This example is following Bob Gjerdingen's convention for schemata.

From the introduction to his Music in the Galant Style (pp. 20-21):

Names of scale steps. When I refer to the steps of a scale or key from an eighteenth-century perspective, I often use the names favored at that time. In place of the nineteenth-century English syllables doh, ray, me, fah, sol, and lah, the earlier musicians used the Latin forms ut (or do), re. mi, fa, sol, and la. In referring to the steps of a scale or key as features of a schema, I use numbers within circles. For features of the melody, the circles are black [...]. For features of the bass, the circles are white [...]. For passages that modulate between keys, such fixed scale-degree designations poorly represent the mobile cognition of pitch. I will argue that older forms of note naming may have been superior for those contexts.

Both the melody and bass numbers are representing scale degrees in the local key. As Albrecht has already noted in his answer, the excerpt begins in G minor and then moves to B-flat major, so the numbers refer to the scale degrees in those keys.

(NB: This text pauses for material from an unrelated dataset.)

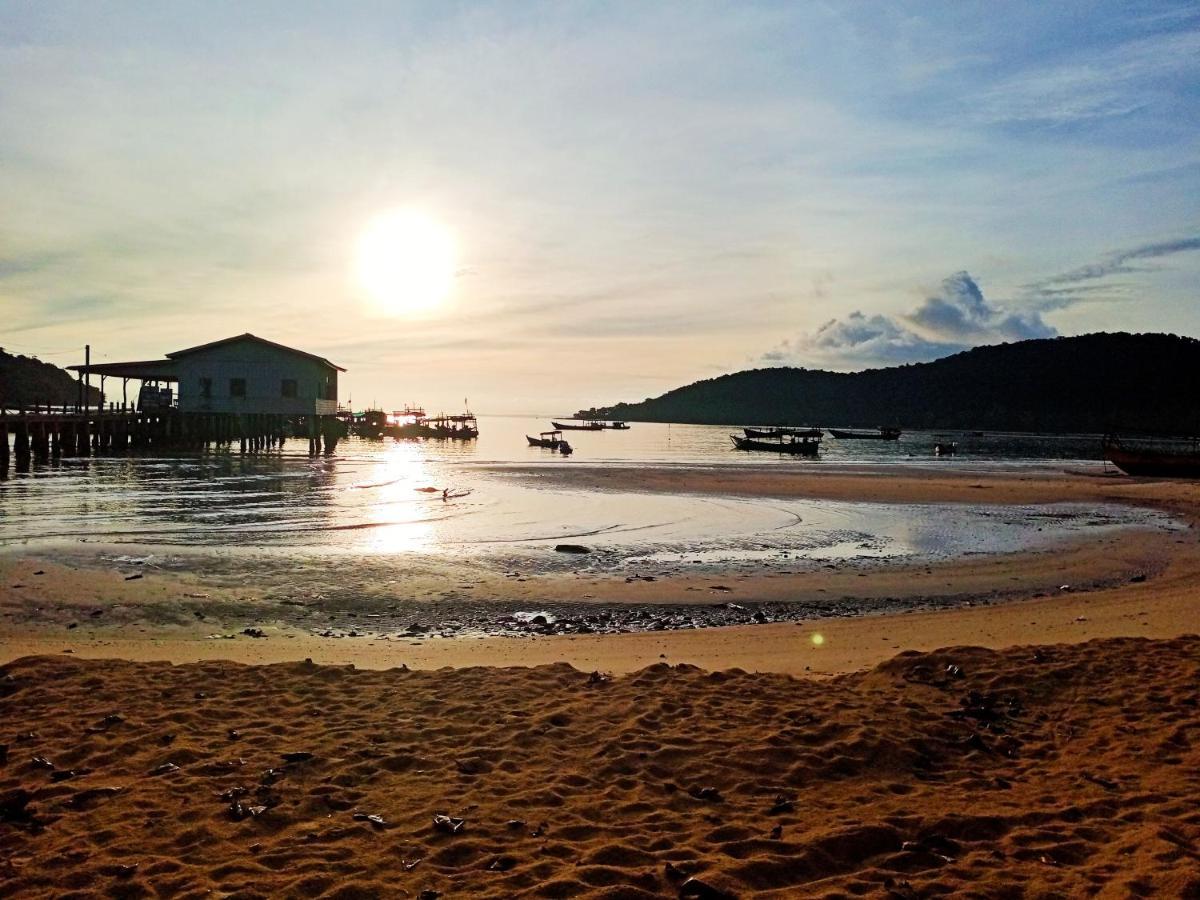 The Azure - M'Pai Bay Hotel Koh Rong Sanloem Exterior photo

I was assuming that the white-circled numbers under the bass parts were the thoroughbass and that the black-circled numbers above were the scale degrees ...

You are right, this is not the case.

I guess : The numbers are relating to the moveable do (DOREMI= 123).

The excerpt begins in Gm: G,A,Bb,C,D = 12345

l.h. G =1, r.h. D =5

in the second line (2nd bar) we are in Bb: Bb=Do=1

r.h. Bb,C,D, = 1,2,3, l.h. Eb=4 and E = #4


the black-circled numbers are above the melody (and not the r.h. - I can’t write here on my tab and still see the whole display).

The white-circled are ”solfegging” (doremi) the bass-line.

  • You're probably correct, but why are some places that could have a number in a circle blank?
    – Tim
    Jan 11, 2020 at 8:37
  • Because this seem to be just a pedagogical assistance to practice the solfege. It won’t make sense to define each single note - as it isn’t necessary to mark the fingering of each single note. I’ve never seen this before but I used similar helping hints when teaching. Edited I guess ;) Jan 11, 2020 at 8:44
  • Except that solfege isn't directly related to fingering. All it does is identify each note in relation to the others.
    – Tim
    Jan 11, 2020 at 9:02
  • In relation to the key! it doesn’t change until the the piece is modulating. That’s why the numbering is marked again when the tonic is Gm: latido = 123 Jan 11, 2020 at 9:28
  • Understand that. You mentioned it in relation to fingering.